図1には、制動制御装置の一例である制御装置50を備える車両の一部が図示されている。車両の制動機構20は、ホイールシリンダ21内の液圧であるWC圧Pwcが高いほど、車輪11と一体回転する回転体22に摩擦材23を押し付ける力である押圧力PFが大きくなるように構成されている。このように制動機構20においてWC圧Pwcが高いほど、押圧力PFが大きくなるため、車両の摩擦制動力BPFが大きくなる。なお、回転体22としては、ディスクロータを挙げることができる。この場合の制動機構20は、ディスクブレーキともいう。
【0012】
車両は、駆動装置30と、摩擦制動装置40と、駆動装置30及び摩擦制動装置40を制御する制御装置50とを備えている。
駆動装置30は、モータジェネレータ31を備えている。モータジェネレータ31を電動機として機能させる場合、モータジェネレータ31から出力される駆動力が車輪11に入力される。一方、モータジェネレータ31を発電機として機能させる場合、モータジェネレータ31は、車輪11の回転速度に応じて発電する。これにより、車両に回生制動力BPRを発生させることができる。回生制動力BPRは、モータジェネレータ31の発電量が多いほど大きくなる。すなわち、本実施形態では、モータジェネレータ31が、車両の回生制動力BPRを調整する「回生装置」に相当する。
【0013】
摩擦制動装置40は、ホイールシリンダ21にブレーキ液を供給できるように構成されている。摩擦制動装置40としては、例えば、「特開2019-137203号公報」に開示されている装置を挙げることができる。このような摩擦制動装置40によれば、電気モータなどの電動機の駆動を制御することにより、制動機構20におけるWC圧Pwc、すなわち押圧力PFを調整することができる。つまり、摩擦制動装置40は、WC圧Pwc、すなわち押圧力PFを制御することによって車両の摩擦制動力BPFを調整する。
【0014】
制御装置50には、各種のセンサからの検出信号が入力される。センサとしては、ストロークセンサ101、車輪速度センサ102及び外気温センサ103を挙げることができる。ストロークセンサ101は、ブレーキペダルなどの制動操作部材12の操作量である制動操作量Xを検出し、検出結果に応じた信号を検出信号として出力する。車輪速度センサ102は、車輪11の速度である車輪速度VWを検出し、検出結果に応じた信号を検出信号として出力する。外気温センサ103は、車両の走行環境の温度である外気温TMPaを検出し、検出結果に応じた信号を検出信号として出力する。
【0015】
制御装置50は、以下(a)~(c)の何れかの構成であればよい。
(a)制御装置50は、コンピュータプログラムに従って各種処理を実行する一つ以上のプロセッサを備えている。プロセッサは、CPU並びに、RAM及びROMなどのメモリを含んでいる。メモリは、処理をCPUに実行させるように構成されたプログラムコード又は指令を格納している。メモリ、すなわちコンピュータ可読媒体は、汎用又は専用のコンピュータでアクセスできるあらゆる利用可能な媒体を含んでいる。

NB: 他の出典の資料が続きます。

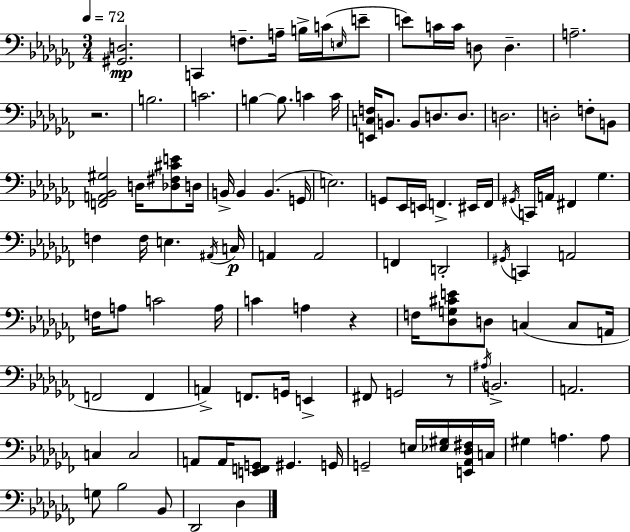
[G#2,D3]/h. C2/q F3/e. A3/s B3/s C4/s E3/s E4/e E4/e C4/s C4/s D3/e D3/q. A3/h. R/h. B3/h. C4/h. B3/q B3/e. C4/q C4/s [E2,C3,F3]/s B2/e. B2/e D3/e. D3/e. D3/h. D3/h F3/e B2/e [F2,A2,Bb2,G#3]/h D3/s [Db3,F#3,C#4,E4]/e D3/s B2/s B2/q B2/q. G2/s E3/h. G2/e Eb2/s E2/s F2/q. EIS2/s F2/s G#2/s C2/s A2/s F#2/q Gb3/q. F3/q F3/s E3/q. A#2/s C3/s A2/q A2/h F2/q D2/h G#2/s C2/q A2/h F3/s A3/e C4/h A3/s C4/q A3/q R/q F3/s [Db3,G3,C#4,E4]/e D3/e C3/q C3/e A2/s F2/h F2/q A2/q F2/e. G2/s E2/q F#2/e G2/h R/e A#3/s B2/h. A2/h. C3/q C3/h A2/e A2/s [E2,F2,G2]/e G#2/q. G2/s G2/h E3/s [Eb3,G#3]/s [E2,Ab2,Db3,F#3]/s C3/s G#3/q A3/q. A3/e G3/e Bb3/h Bb2/e Db2/h Db3/q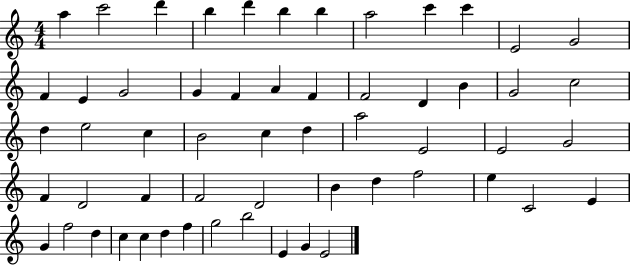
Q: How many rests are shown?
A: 0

(b)制御装置50は、各種処理を実行する一つ以上の専用のハードウェア回路を備えている。専用のハードウェア回路としては、例えば、特定用途向け集積回路、すなわちASIC又はFPGAを挙げることができる。ASICとは「Application Specific Integrated Circuit」の略記であり、FPGAとは「Field Programmable Gate Array」の略記である。

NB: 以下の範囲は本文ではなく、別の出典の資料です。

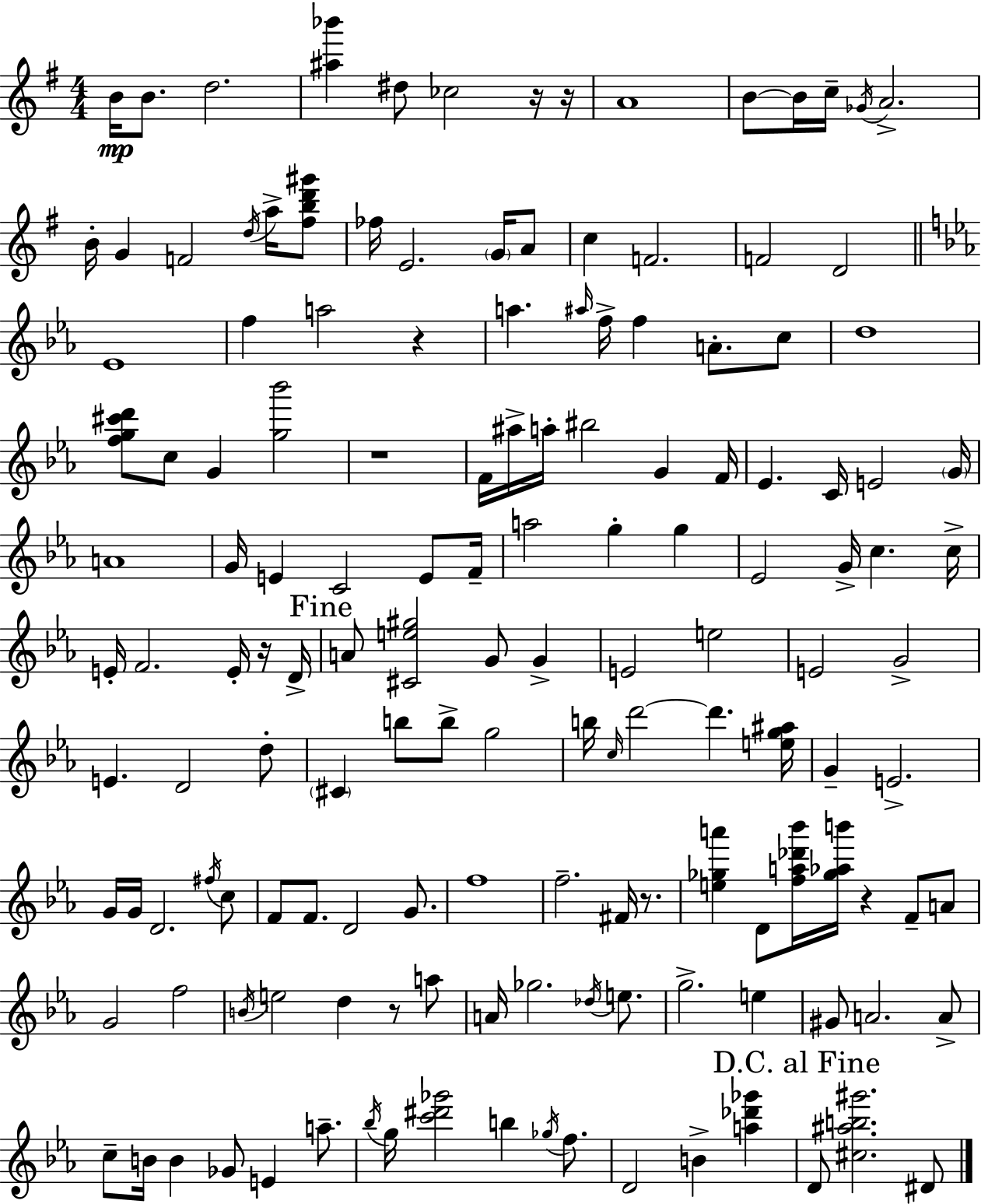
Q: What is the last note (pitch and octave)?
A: D#4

(c)制御装置50は、各種処理の一部をコンピュータプログラムに従って実行するプロセッサと、各種処理のうち残りの処理を実行する専用のハードウェア回路とを備えている。
【0016】
こうした制御装置50は、機能部として、要求制動力導出部51、回生制動制御部52、摩擦制動制御部53、摩擦材温度取得部54及び効き効率導出部55を有している。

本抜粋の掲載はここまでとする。